**WHAT TO PRODUCE:** Please, in the data that follows, copy exactly the lines from the line with "ロゴマーク SUCCEED 深緑 ゴールド 丸 葉っぱ.jpg" through the last one, both included. Do not include pictures.
──────
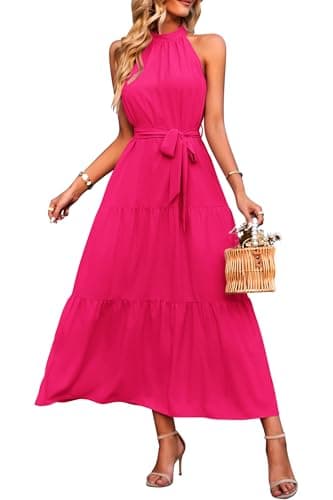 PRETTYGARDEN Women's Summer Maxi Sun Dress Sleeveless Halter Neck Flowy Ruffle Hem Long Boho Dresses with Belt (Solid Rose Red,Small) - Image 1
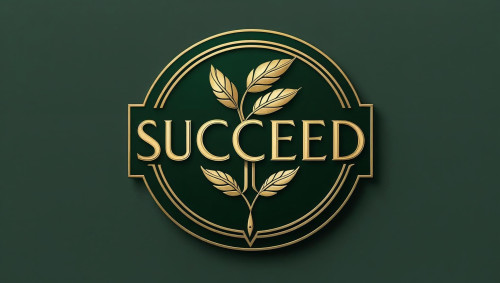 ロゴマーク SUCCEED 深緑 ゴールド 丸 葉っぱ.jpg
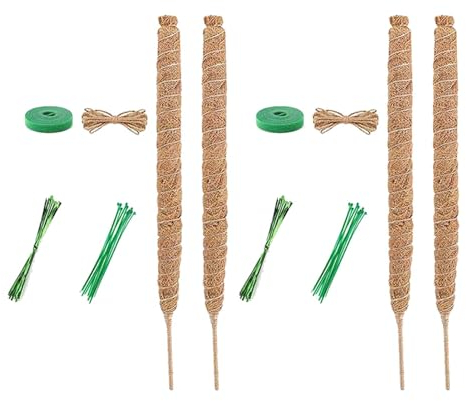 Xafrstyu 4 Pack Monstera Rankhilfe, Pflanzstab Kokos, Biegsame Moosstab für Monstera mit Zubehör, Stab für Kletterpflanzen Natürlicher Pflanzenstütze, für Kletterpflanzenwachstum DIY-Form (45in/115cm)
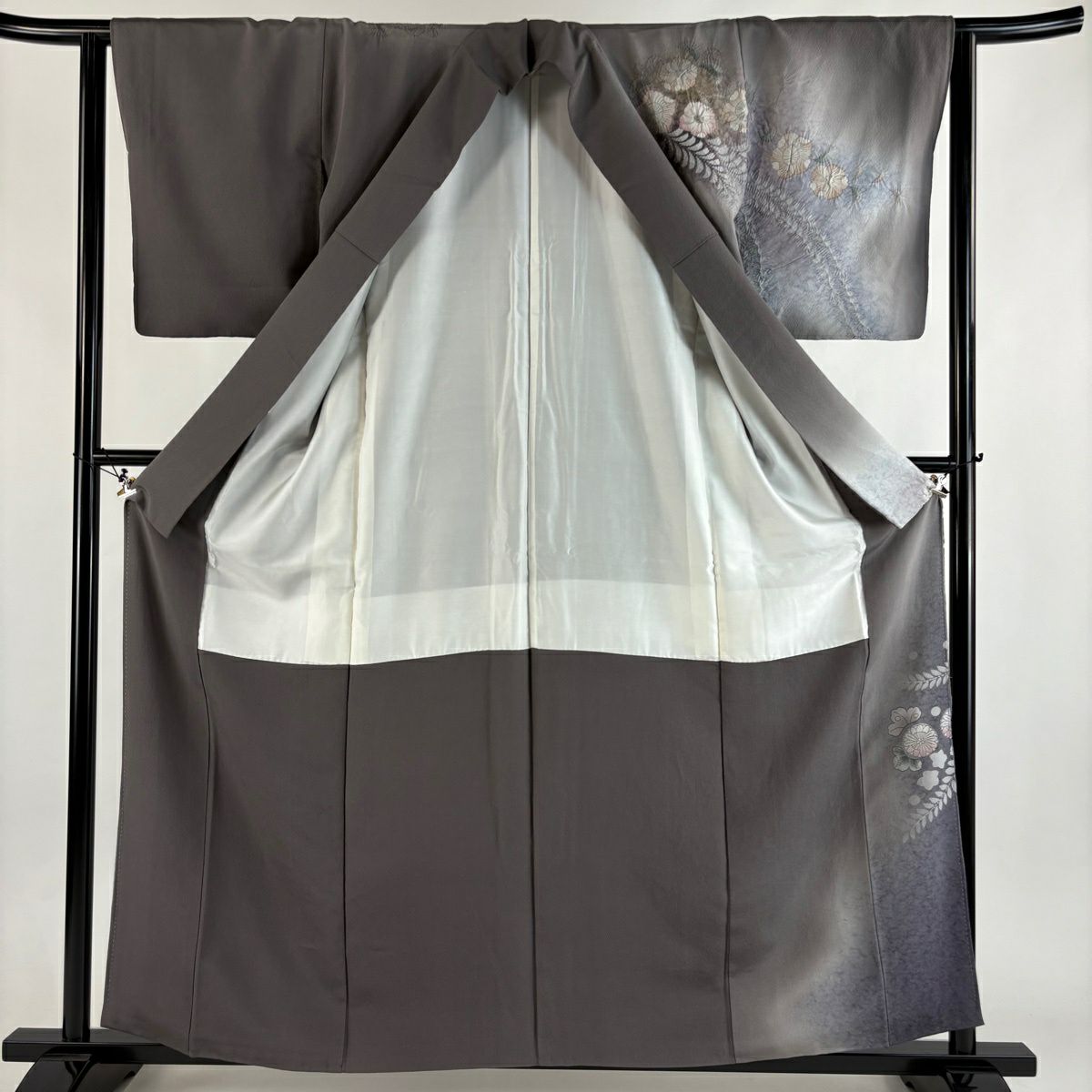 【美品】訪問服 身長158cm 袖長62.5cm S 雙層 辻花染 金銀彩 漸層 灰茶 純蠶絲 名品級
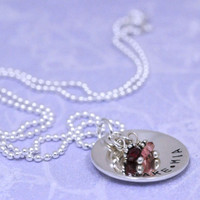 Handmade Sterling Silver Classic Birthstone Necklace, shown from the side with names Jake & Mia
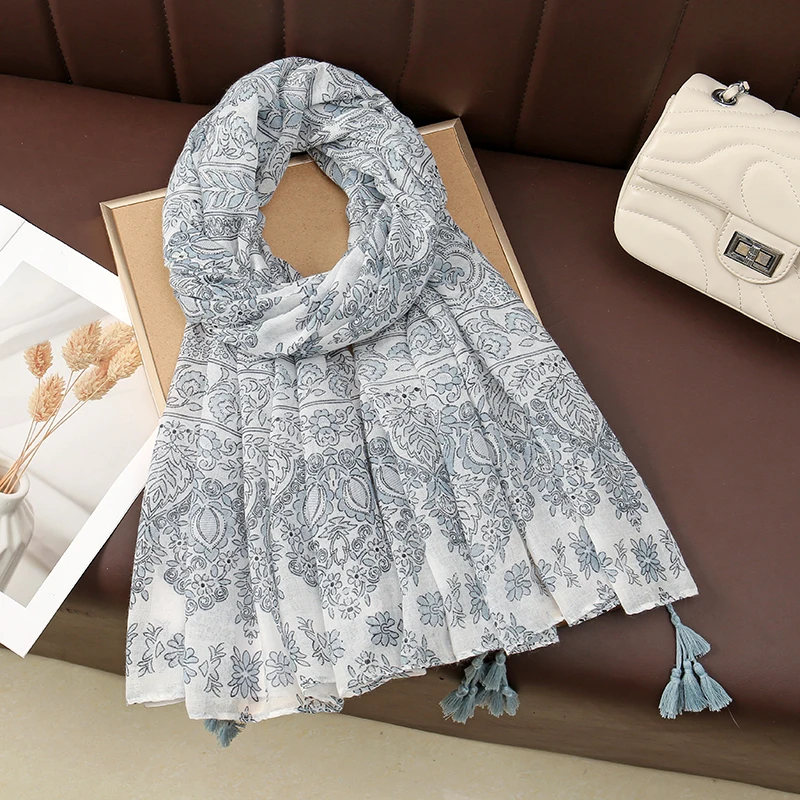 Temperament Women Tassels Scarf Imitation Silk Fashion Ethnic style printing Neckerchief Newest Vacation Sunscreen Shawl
──────
**THE COMPLETED TASK:**
 ロゴマーク SUCCEED 深緑 ゴールド 丸 葉っぱ.jpg
 Xafrstyu 4 Pack Monstera Rankhilfe, Pflanzstab Kokos, Biegsame Moosstab für Monstera mit Zubehör, Stab für Kletterpflanzen Natürlicher Pflanzenstütze, für Kletterpflanzenwachstum DIY-Form (45in/115cm)
 【美品】訪問服 身長158cm 袖長62.5cm S 雙層 辻花染 金銀彩 漸層 灰茶 純蠶絲 名品級
 Handmade Sterling Silver Classic Birthstone Necklace, shown from the side with names Jake & Mia
 Temperament Women Tassels Scarf Imitation Silk Fashion Ethnic style printing Neckerchief Newest Vacation Sunscreen Shawl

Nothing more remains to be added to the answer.